While some co-op members use corn as a primary heat source, others use it just for hard-to-reach areas of the house, as does Protect Our Planet co-op member Bolin. Bolin found his older home’s heating system was expensive and unreliable. When he heard about the Mt. Rainier bin being built, he began researching corn stoves.
“Once we realized we were going to be able to pick this stuff up two blocks from our house, it seemed like a really great idea,” he said.
Bolin still sometimes runs boiler heat in his home during winter, but finds that the corn stove is enough to get by on autumn nights.
Co-op members pay a $100 initial fee and a $25 renewal fee each year thereafter. Members make a deposit at the beginning of the season based on how much corn they expect to use and draw from this amount as they refill their supply.

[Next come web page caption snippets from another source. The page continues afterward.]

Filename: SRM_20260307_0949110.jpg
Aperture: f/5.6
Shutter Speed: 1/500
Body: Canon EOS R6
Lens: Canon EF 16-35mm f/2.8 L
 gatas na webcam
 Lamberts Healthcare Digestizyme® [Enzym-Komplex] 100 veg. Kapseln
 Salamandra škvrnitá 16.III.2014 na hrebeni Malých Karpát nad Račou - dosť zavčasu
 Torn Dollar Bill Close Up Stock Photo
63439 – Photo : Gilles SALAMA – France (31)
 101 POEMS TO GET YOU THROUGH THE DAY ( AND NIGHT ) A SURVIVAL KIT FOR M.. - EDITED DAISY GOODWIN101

Primary heating with corn costs members between $500 and $1,000 a season, several hundred dollars less than a standard heating bill, said Ikle-Khalsa. These savings allow members to pay off the cost of their stoves — which retail from $1,500 to $4,000, depending on size — in roughly five years.
More than 20 states now boast corn stove manufacturers.
Despite favorable reviews from co-op members, Associate Professor Robert J. Kratochvil, who specializes in agronomic crop production at the University of Maryland, College Park, doesn’t see corn stove heating becoming a widespread trend within the foreseeable future. The availability and cost of the feed corn is too unpredictable for a large population, he said.
Kratochvil said he believes the stoves will be more popular in smaller niche communities — like Takoma Park and Mt. Rainier — that are at the forefront of eco-friendly living.
There is one other co-op in Maryland — Baltimore Biomass — but it functions without a bin.
Corn stoves have already made an impact on co-op members in Mt. Rainier.
“When you sit in front of your corn stove, it’s like sitting in front of a fireplace,” said Mt. Rainier co-op member JodiBeth McCain, who led the efforts to build the Mt. Rainier bin and now heats her home solely by corn stove.
“More than all those rational reasons — world peace, good for the environment, great for our pocketbook — it’s also beautiful and feels wonderful to sit next to,” she said. “I don’t dread the coming of winter anymore.”